This is what it’s come to. I was doing so well in the beginning of summer. My clothes were fitting well and I didn’t feel any extra bits of Me moving around when I walked to and fro. I also didn’t have any pimples for 2 months!! I’m thinking all the veg juice I drank had something to do with that.
“So what happened?” you might be asking. My kids came back. And I didn’t transition well. I think my big problem is that when you become a mom you don’t automatically become a master of multitasking. Apparently I suck at it. My brain is constantly flittering from a creative idea to a demand then off to a long overdue chore. I start to feel muddled then paralyzed and end up eating See’s Candy in bed while watching some brainless show on my laptop.

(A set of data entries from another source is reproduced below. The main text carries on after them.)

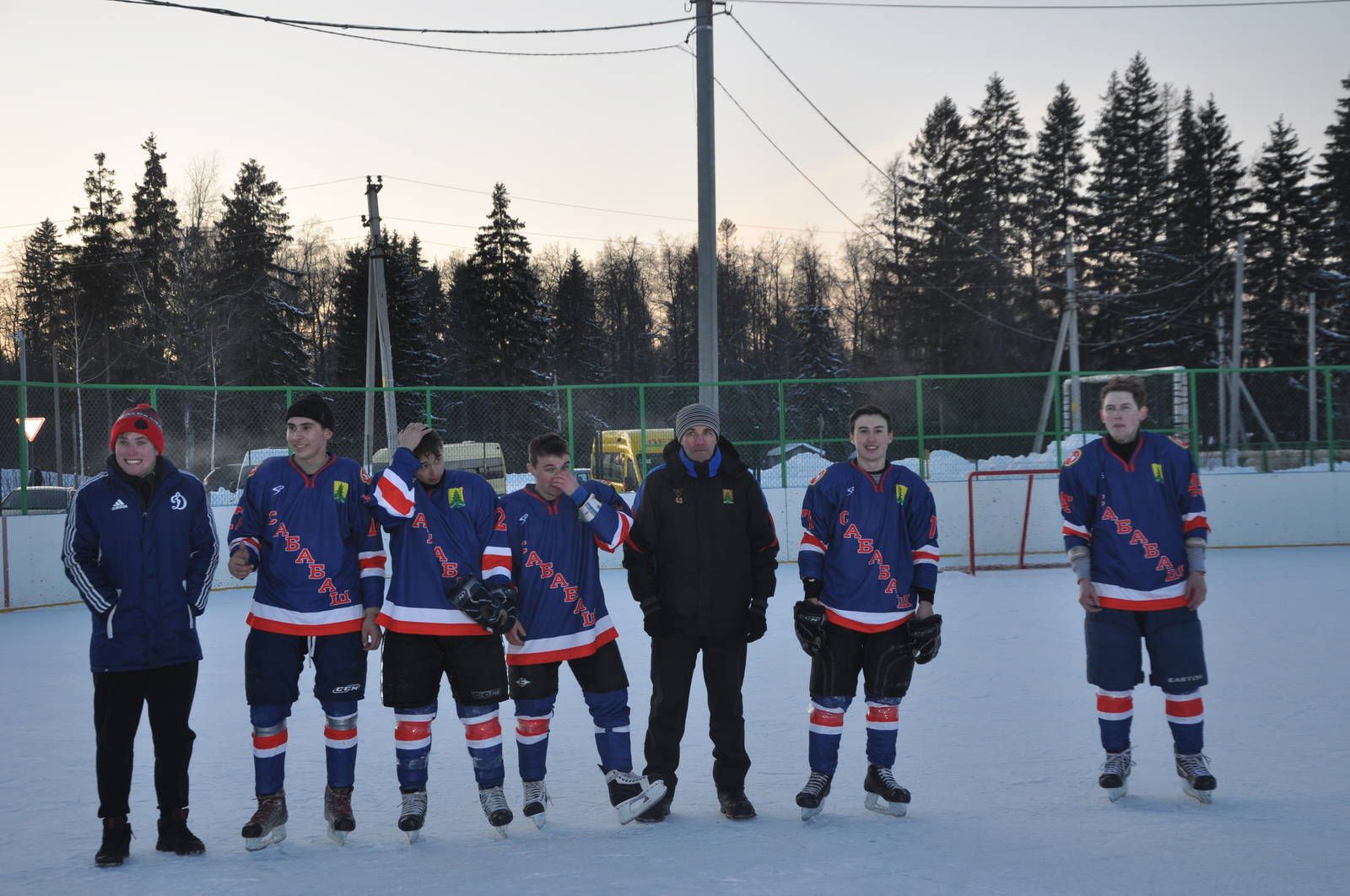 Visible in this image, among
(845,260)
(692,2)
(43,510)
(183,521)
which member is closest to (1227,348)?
(845,260)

At the end of the day when I got ready for my shower, I discovered my waist had gone back to its old familiar self in which it relaxes and prepares to grow a human being. The way I see it, if I let my body rest too long, it starts to relax and the first thing to get lazy is my midsection. It poofs and spills over my pant’s elastic as if it were showing off just how excellent it is at housing little people. Well, I’m not impressed.
Joanna and I chatted about getting our shizzle back together. It’s pretty simple. Stop eating junk, run, sleep, don’t get drunk.

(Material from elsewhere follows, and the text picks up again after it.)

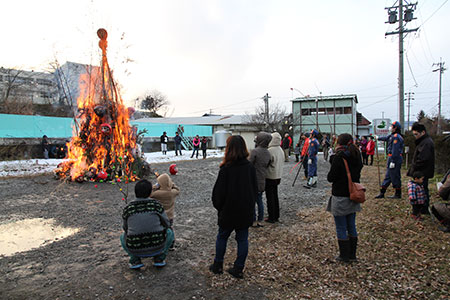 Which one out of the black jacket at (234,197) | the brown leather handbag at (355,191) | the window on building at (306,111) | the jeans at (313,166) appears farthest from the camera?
the window on building at (306,111)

I woke up at 6:30 a.m. Walked 1 mile and ran 1.01 mile. Yup I’m totally counting that 0.01. I’ve decided I’m going to obsess about the stats again.
That was Monday. Tuesday I ran 15 minutes, or 1.54 miles. Two days in a row! Woot! But, I want to keep thinking that what I’ve done doesn’t matter nearly as much as what I will do.
I listened to my favorite podcast–the Rich Roll Podcast. He was interviewing Jedidiah Jenkins, who I’d never heard of before. He rode his bike from Oregon to Patagonia and wrote about his experience on Instagram. Then he wrote a book, Oregon to Patagonia, which should be published soon.
It’s not my favorite interview that Rich Roll has done but one thing Jedidiah talked about struck me. He talked about happiness and how it’s all relative. He slept in a hammock in the freezing South American desert and was so grateful when he got to sleep in a bed. He talked about how people who live a shack might be very happy living in a shack. Because they know what it’s like to not have shelter at all. But he also talked about how many people in South America know how we live here. They produce a lot of our DVDs so he met kids who had seen Breaking Bad. They want to be rich and they think money will solve everything. I find that bizarre because I think Breaking Bad is really about how money destroyed a man and his family.
It got me thinking about something I feel really strongly about–money scares me. Maybe it’s a little ironic that I got a degree in Accounting. Or maybe it’s not. I like the idea of counting and controlling money. But it has a way of controlling people, that’s what I find dangerous.
Anyway, I’m happy with what we have and where we’re going. I do wish we had money to buy an RV, but I’m okay with waiting. Mostly I need to get rid of things, not buy more. Especially books. Oh my, the books. But that’s another post.